Playing just 2 days after eliminating Washington in a stirring, 2-1, Game 7 victory, the top-seeded Rangers hit their home ice again and won their third straight Game 1 of the playoffs. The Devils had been off for 5 days since they knocked out the Flyers in five games.
No team forced to play seven-game series in each of the first two rounds has gone on to win the Stanley Cup, but the Rangers are determined to be the first. Shaking off suggestions they are tired, the Rangers slogged through two scoreless periods and pulled out a win with a dominating third.
"I think it starts with work habits, how hard we want to work," Lundqvist said. "And then the skill takes over. We have been doing it all year."
The Rangers are in the conference finals for the first time since 1997, and they haven't reached the Stanley Cup finals since 1994 when they beat 22-year-old goalie Martin Brodeur and the Devils in a classic seven-game series that backed up captain Mark Messier's guarantee.
New Jersey is making its first conference finals appearance since 2003, the year the Devils won the Cup for the third time.
Game 2 is Wednesday night in New York.
Girardi got a perfect setup from Kreider and scored 53 seconds into the third period to break a 0-0 tie.
Noteworthy *
Dale Hunter quit as coach of the Washington Capitals after less than one full season in the job, telling the team he wants to return to his family in Canada.
"It was the right thing to do," Hunter said.
He is the owner of the London Knights, of the Ontario Hockey League, a junior hockey team currently playing for the Memorial Cup.
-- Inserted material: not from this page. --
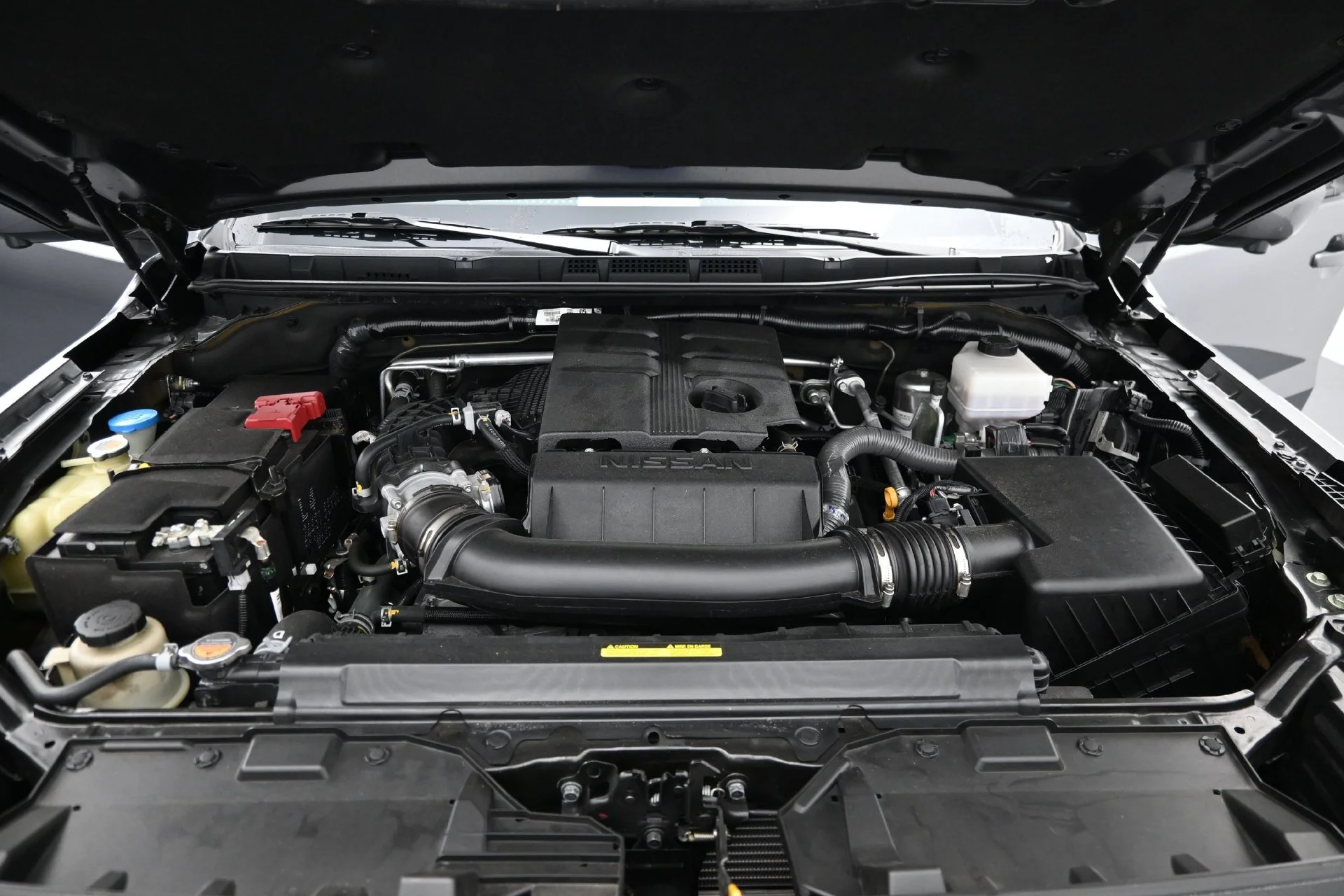 Used 2024 Gray Nissan PRO-X image 13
One of his three children is an assistant coach with the Knights, and Hunter's brother Mark took over as head coach when Hunter left to join the Capitals in November, replacing the fired Bruce Boudreau.
"I'm going home," Hunter said, a couple of hours after delivering the news to Capitals general manager George McPhee. "I've got a good thing going there with the family, so I'll stay home."
Hunter met with McPhee at the team's practice facility on Monday morning, two days after the Capitals were eliminated from the playoffs in the Eastern Conference semifinals with a 2-1 loss to the New York Rangers in Game 7.
"We could have very easily won that series," McPhee said.
The GM said he didn't even attempt to change Hunter's mind, because "there's no gray in Dale's life."
"I'd rather have him for 6 months than not at all," McPhee said.
* Todd Richards will stay on as the Columbus Blue Jackets' coach.
Richards became interim coach in January when Scott Arniel was fired. The team said that he had agreed to a 2-year contract after the Blue Jackets' record improved under the 45-year-old former Minnesota Wild coach.
Richards led Columbus for the final 41 games of the season after being elevated from assistant coach.